* **TASK GOAL**: The lines below, from the one holding "GAUMARD SCIENTIFIC Gaumard" through the one holding "754 E. 84th St.", are to be restated word for word, with all images left out.

* **DATASET CONTENT**:
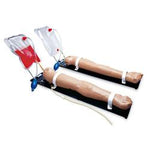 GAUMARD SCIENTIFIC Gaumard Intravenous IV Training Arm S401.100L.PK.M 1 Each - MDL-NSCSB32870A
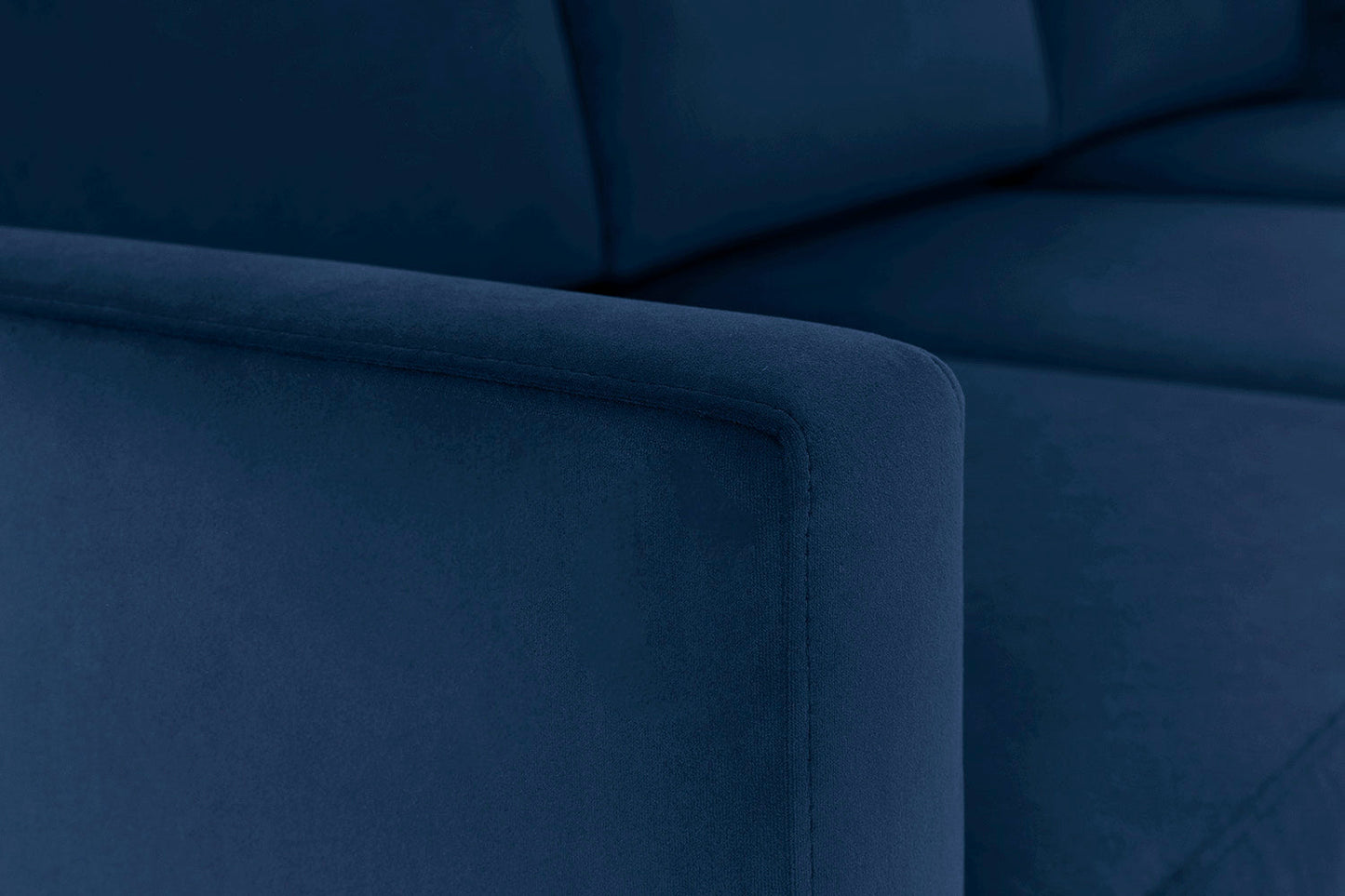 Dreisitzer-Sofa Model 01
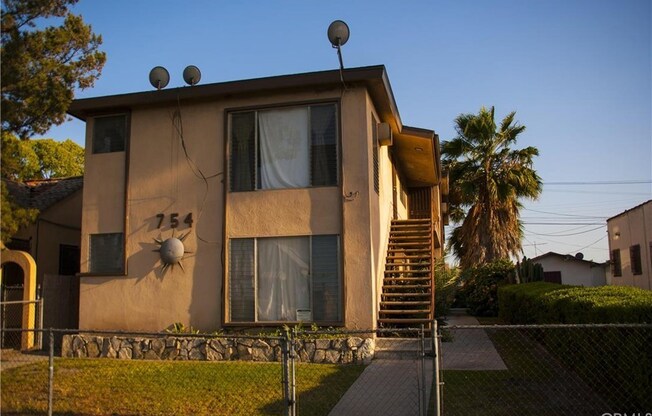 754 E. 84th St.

--

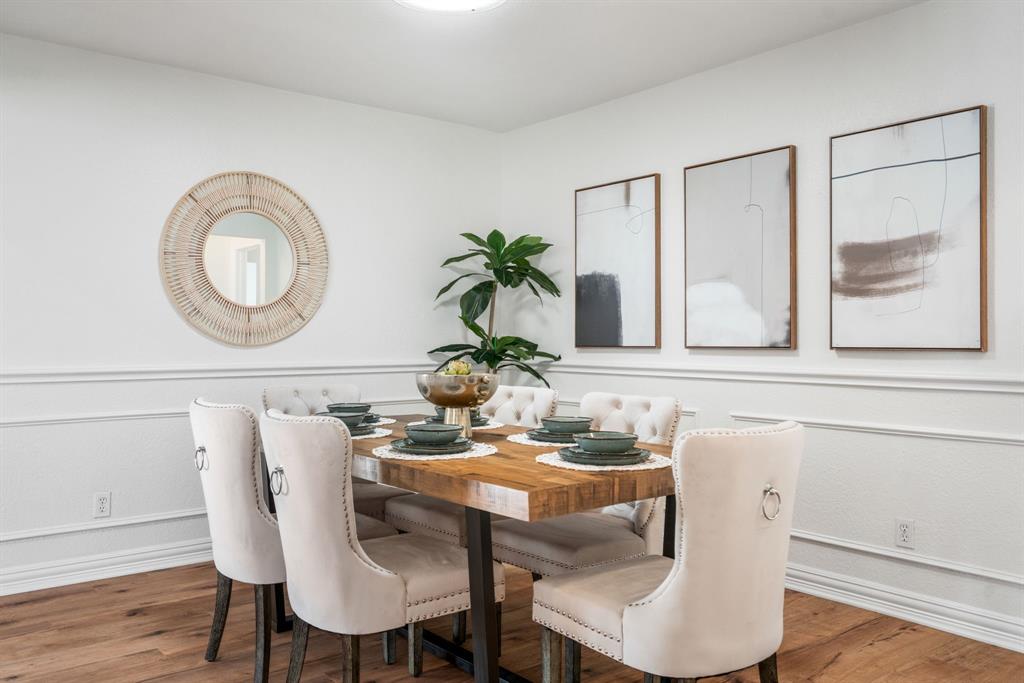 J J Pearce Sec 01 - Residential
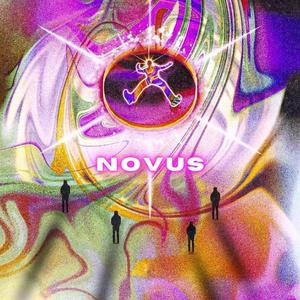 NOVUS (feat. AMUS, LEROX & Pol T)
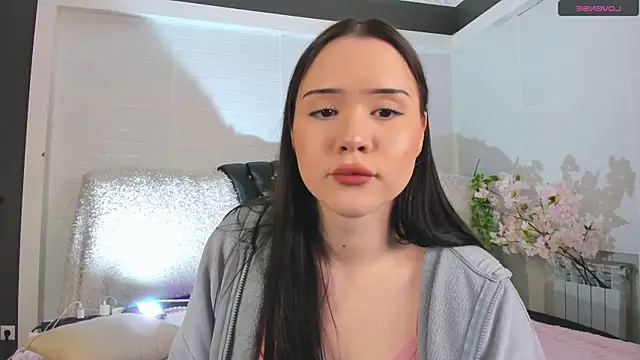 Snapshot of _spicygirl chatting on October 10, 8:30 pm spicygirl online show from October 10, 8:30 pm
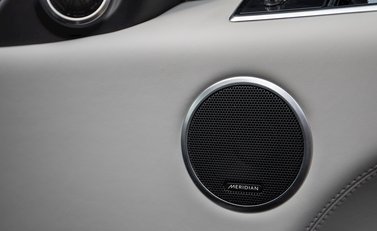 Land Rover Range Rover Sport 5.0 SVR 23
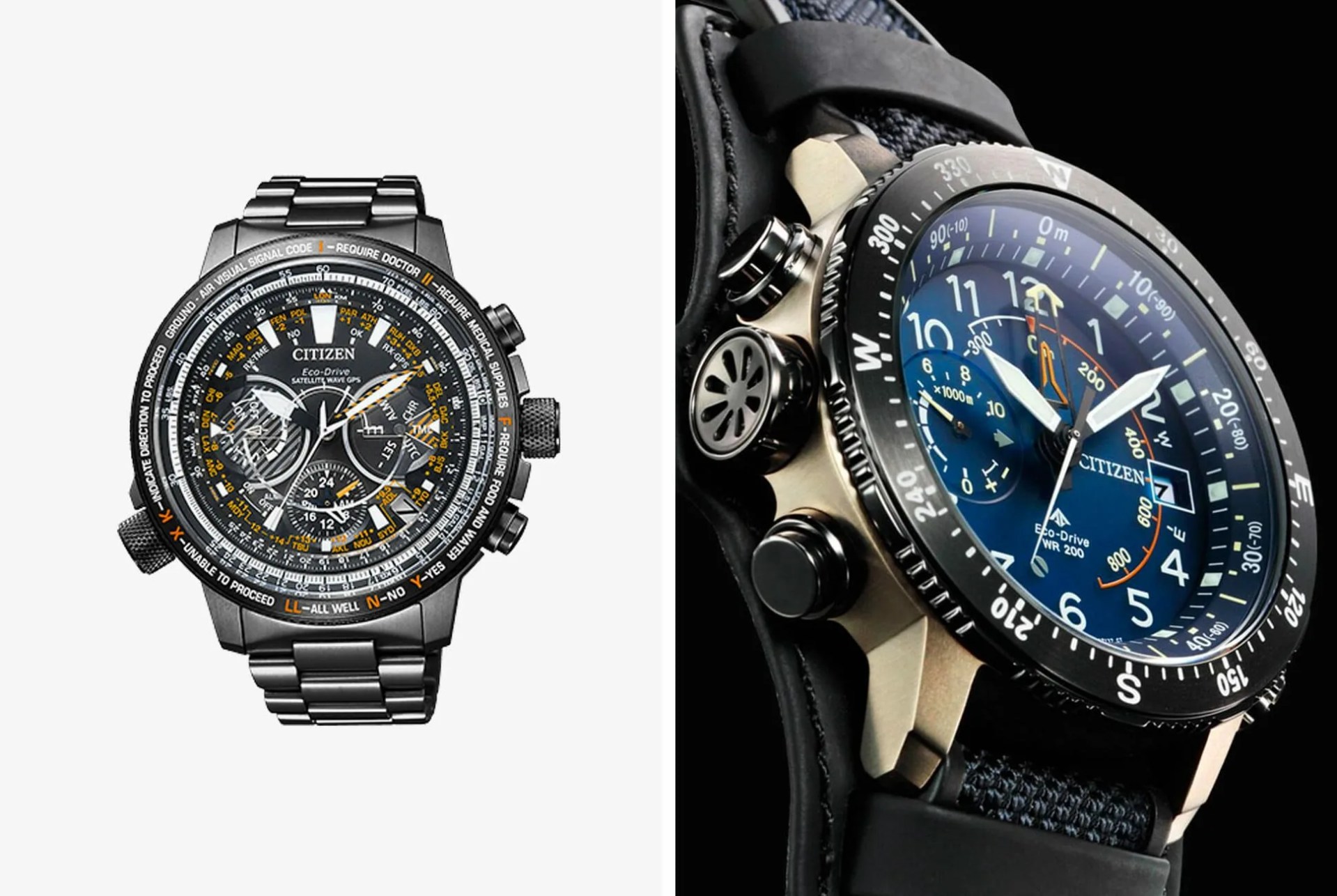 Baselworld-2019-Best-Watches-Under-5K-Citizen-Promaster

* **RESPONSE AREA**:
 GAUMARD SCIENTIFIC Gaumard Intravenous IV Training Arm S401.100L.PK.M 1 Each - MDL-NSCSB32870A
 Dreisitzer-Sofa Model 01
 754 E. 84th St.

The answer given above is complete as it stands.